If I order a product online and it never arrives, I can email the company and try to call them. But what if they simply don’t reply?

There’s always some degree of risk.

Buying from Amazon is safe. And buying from the Amazon Marketplace is safer than buying directly from the retailer. Yet I had an unresolved issue with a  marketplace seller.

Buying from eBay is safe – especially when you pay with PayPal. Yet I am right now waiting for eBay’s ruling on whether non-delivery of a service I purchased entitles me to a refund.

Buying from DiscountGoods.com, however, might leave me with no hope of a safety net.

Your website’s primary goal is to engage the visitor; to convince them that you have what they’re looking for.

Your website’s secondary goal is to convince them that buying from you is safe.

Whether you offer a free trial, verifiable testimonials, a money back guarantee, an established history, a credit rating or links to reviews… the more you actively demonstrate that there is no/low risk in buying from you, the greater the chance of the visitor buying.

Bonus tip: the more your visitor needs what you sell, the higher the risk they’re prepared to take.

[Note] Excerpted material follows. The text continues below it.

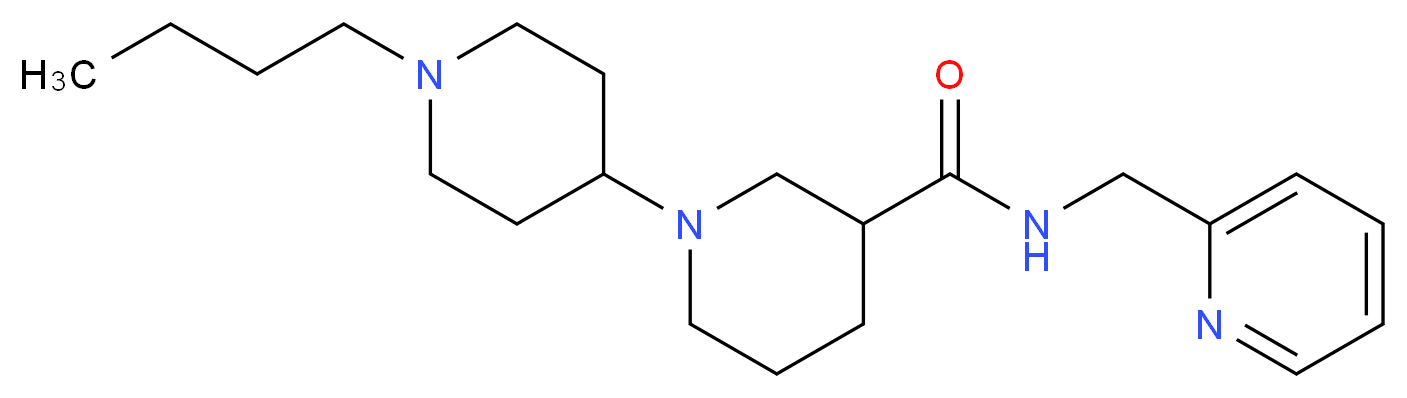 1'-butyl-N-(pyridin-2-ylmethyl)-1,4'-bipiperidine-3-carboxamide_分子结构_CAS_)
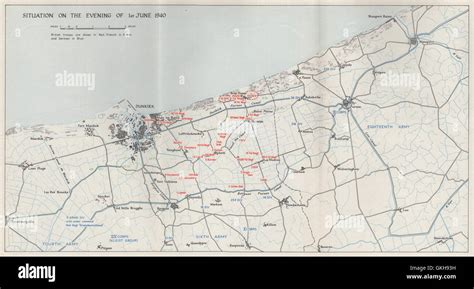 DUNKIRK EVACUATION. 1 June 1940 troop positions. Operation Dynamo. HMSO 1953 map Stock Photo - Alamy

If your product has the potential to cure their insomnia, the risk barrier will be less of an issue.

If your product merely helps them to enjoy better better dreams, the risk barrier may be higher.

Extra bonus tip: what if you can convince your visitors that the benefits of using your product are greater than they anticipated?

That your product can help them enjoy better dreams, leading to deeper sleep and more energy throughout the day? In that situation, the risk barrier would be less significant.

The greater the reward of purchasing, the greater the acceptable risk.